While Barbie and Oppenheimer were respectively based on a popular doll and a historical event, they weren’t a part of established cinematic properties in the same vein as other movies. Thus, even something as well-received as Mission: Impossible simply looked blase in comparison, as audiences had long since grown familiar with the brand. Add in the economic downturns across the globe, and audiences simply might not have the money to support several films at the same level as years before. Even if that’s the case, however, the success of the horror genre (including franchises) seemingly counters this argument. This discrepancy can be reconciled, however, by simply looking at the costs of each movie.
The Horror Movie Genre Is Succeeding In Part Due to Lower Budgets
With the aforementioned superhero and action movies, they were almost all known for having particularly steep production budgets. These ranged from around $200 million to over $300 million, making them some of the most expensive movies ever made. Part of the reason for these costs involved the protocols and other stipulations surrounding movie production in the COVID-19 era. Thus, movies that might have been only a little over $100 million beforehand were now closer to $200 million. Thus, these movies have to make triple the production budget at the box office in order to become profitable and truly successful.

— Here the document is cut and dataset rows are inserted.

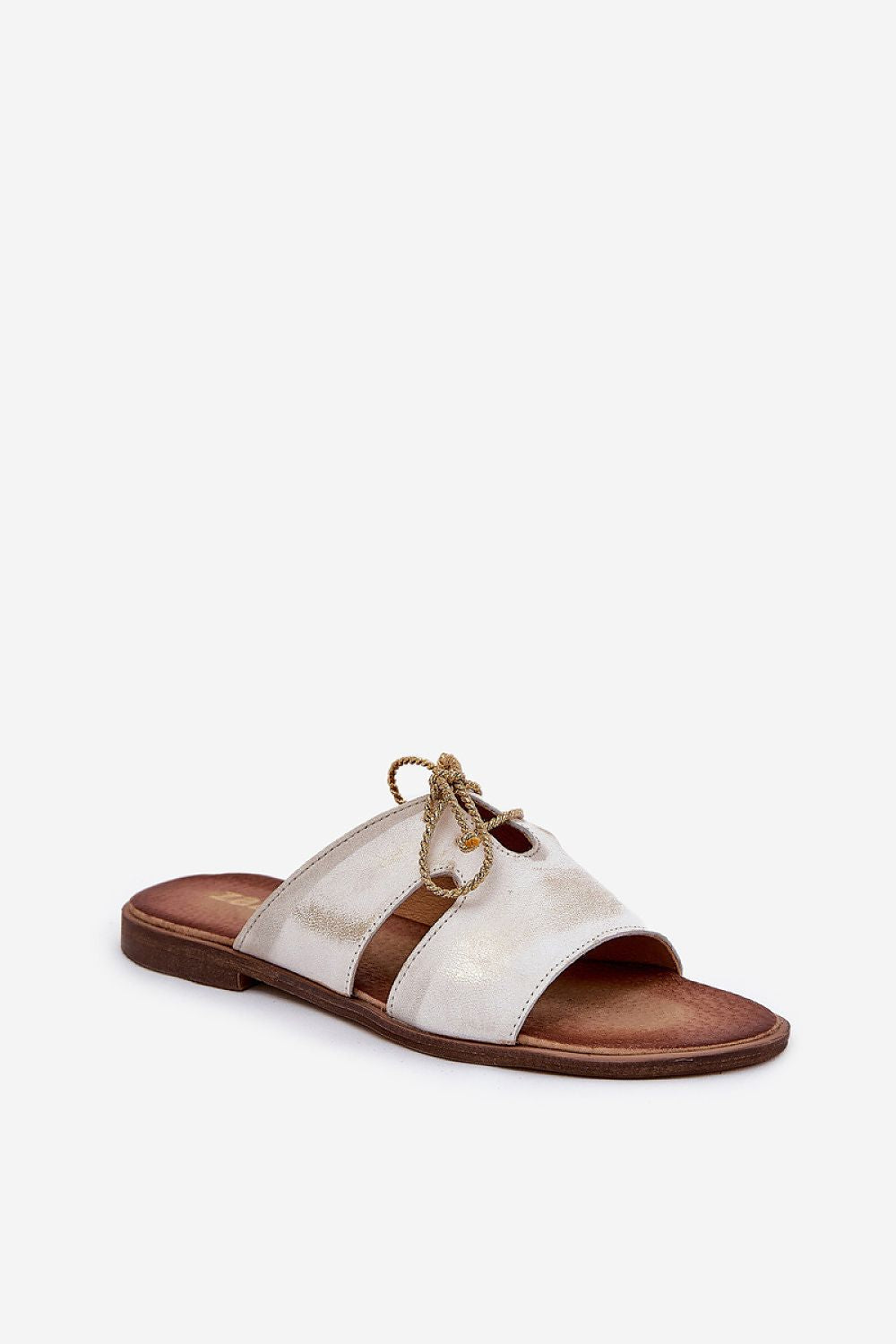 Pantofle  model 210176 Step in style 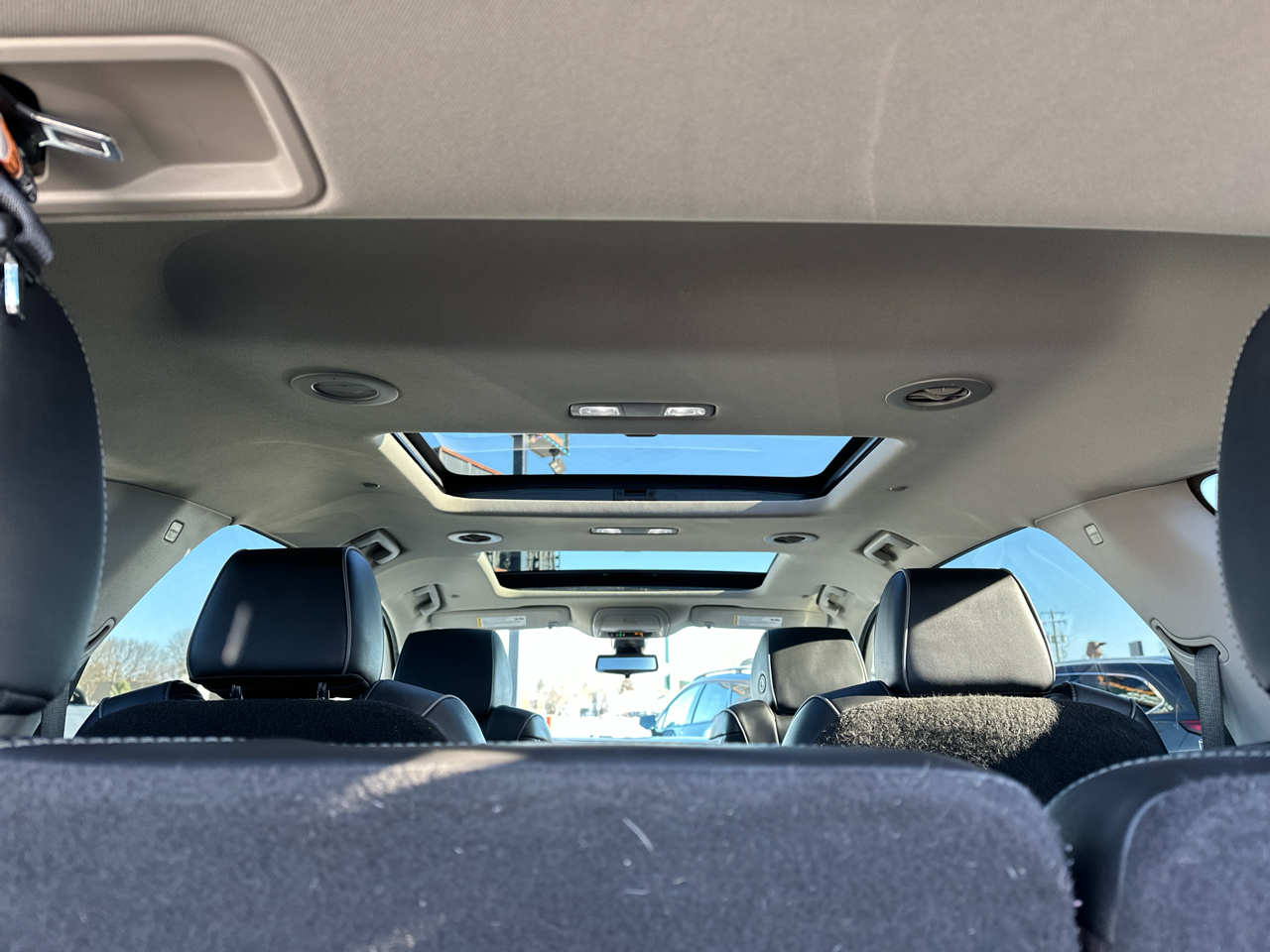 Buick Enclave Avenir AWD 2020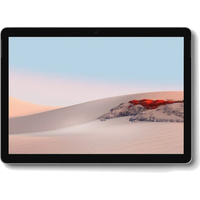 Microsoft Surface Go 2 10.5" 1.1 GHz 8 GB RAM 128 GB Wi-Fi platin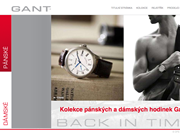 gant-time.cz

On other hand, horror movies have remained reasonably budgeted, with some of the biggest hits having production costs that were outright microscopic compared to bigger movies. For instance, M3GAN made about $181 million worldwide on a budget of only $12 million, while Evil Dead Rise saw a similar result: $146.7 million on a $15-19 million budget. This is the main reason these movies are deemed successes. For instance, the total box office haul for Evil Dead Rise was only about $10 million more than the final tally for Shazam! Fury of the Gods. That movie was lambasted for its box office losses, as its budget was $125 million.
Given that Fury of the Gods is a superhero movie in a post-COVID landscape, said budget was actually very reasonable. Still, it didn’t stave off box office collapse, as there simply wasn’t much interest from moviegoers in seeing the movie. With horror movies, their low budgets are a built-in defense that almost guarantee some sort of profit, no matter how marginal. Still, it’s worth noting that these movies are “tapping out” at box office ranges around or lower than the hauls that larger movies are flopping with.
While this is again an issue of budget, it does draw into question how much interest there really is in these movies. At the same time, even this has to be tempered with the fact that horror movies are far more niche than action blockbusters and superhero movies. Add in that horror movies are usually rated R, and it becomes more obvious that there truly is an abundant amount of interest in horror movies (including franchises) relative to their financial performance. Such niche projects would never achieve the heights that they do unless this was the case, so the true question is what keeps audiences coming back for more horror.
After all, these are no less “old-hat” than superhero movies, and even poorly-received horror seems to maintain a sense of fun entertainment value in ways that middling comic book and blockbuster movies don’t. The best explanation is that the visceral thrill of being scared is stronger than the excitement from epic action sequences or even the joy of humor from more comedic movies. Thus, audiences are willing to sit through something that by all accounts looks awful, so long as there’s at least one good fright involved. Add in the automatic interest in the genre for movies released around Halloween, and it’s no surprise why horror movies can always scare up a lot of money.